Our organizations are addicted to data retention. Just take a look at your own or others' email inboxes. Still got that invitation to the 2007 company Christmas party? What about that email from the CEO asking a question that you answered months ago. Why do we keep such data? Because of our deep-seated fear that, at some point in the future, we might need that email, file, document or record. This makes it nearly impossible for us to delete it. After all, what if it turns out we really do need something that was in that invitation to the 2007 company Christmas party and the invitation is no longer there?

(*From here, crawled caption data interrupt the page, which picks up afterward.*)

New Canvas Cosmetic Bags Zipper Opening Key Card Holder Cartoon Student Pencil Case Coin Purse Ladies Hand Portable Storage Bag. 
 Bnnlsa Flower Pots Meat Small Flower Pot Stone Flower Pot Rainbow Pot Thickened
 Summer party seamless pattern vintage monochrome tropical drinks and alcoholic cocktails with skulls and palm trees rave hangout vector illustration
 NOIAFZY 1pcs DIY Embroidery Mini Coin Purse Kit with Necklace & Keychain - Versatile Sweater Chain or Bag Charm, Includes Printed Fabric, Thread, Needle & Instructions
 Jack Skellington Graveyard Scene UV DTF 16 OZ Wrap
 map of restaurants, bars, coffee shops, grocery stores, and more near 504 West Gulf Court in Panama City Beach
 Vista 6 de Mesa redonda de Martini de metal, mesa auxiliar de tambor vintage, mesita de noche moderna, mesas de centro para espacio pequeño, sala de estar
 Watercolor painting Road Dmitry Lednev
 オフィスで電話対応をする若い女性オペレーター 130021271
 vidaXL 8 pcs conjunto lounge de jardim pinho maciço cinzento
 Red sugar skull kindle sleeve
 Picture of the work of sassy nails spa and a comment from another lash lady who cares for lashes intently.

For years, I have used some simple sorting rules to define my approach to data storage and retention. I segregate the data into a few broad categories:
- Always used
- Sometimes used
- Rarely used
- Never used
In the pre-cloud days, I would put the Always used data on the fast drives (now including solid state). I would put the Sometimes used data on the slower drives, the Rarely used on the slower drives, and I would try to convince the owners of the Never used data to get rid of it. But, in practice, I was never able to get rid of the Rarely used data and ended up putting it on the slower drives. Over time, I kept buying more relatively expensive slower drives as the amount of Sometimes used, Rarely used and Never used data grew.
More on data storage strategies
Independent of any other decisions I make about cloud services such as SaaS, IaaS, PaaS, et cetera, cloud data storage makes my data retention sorting much cheaper and simpler. I still sort into Always used, Sometimes used, Rarely used and Never used. And, I still put the Always used on my fastest storage and my Sometimes used on the slower storage. But, I move the Rarely and Never used to the cloud. Do I care about retrieval performance of the Rarely and Never used? Not at all. Do I want to allocate my storage capacity to something that is rarely, if ever, used? Not on your life; I have too many other demands on that capacity. Do I want to allocate my storage dollars to something that is rarely, if ever, used? Not when I can get gigabytes of slow cloud storage for pennies. In effect, cloud storage is my data archive.
Some people might question this decision. Don't I worry about the security and protection of my data? I do worry about that, but not at all with a reputable, proven cloud provider. After all, they have to be at least as good as I am at data security and protection. Otherwise, their business model collapses. If I am honest with myself, I suspect that they are better at data protection and security than I am -- they have to be.
I use cloud data storage to create internal capacity that I allocate to the services that my customers want the most: high-performance, on-demand access to the data they use the most. For everything else, I find someone who can do it cheaper and at least as well in the cloud.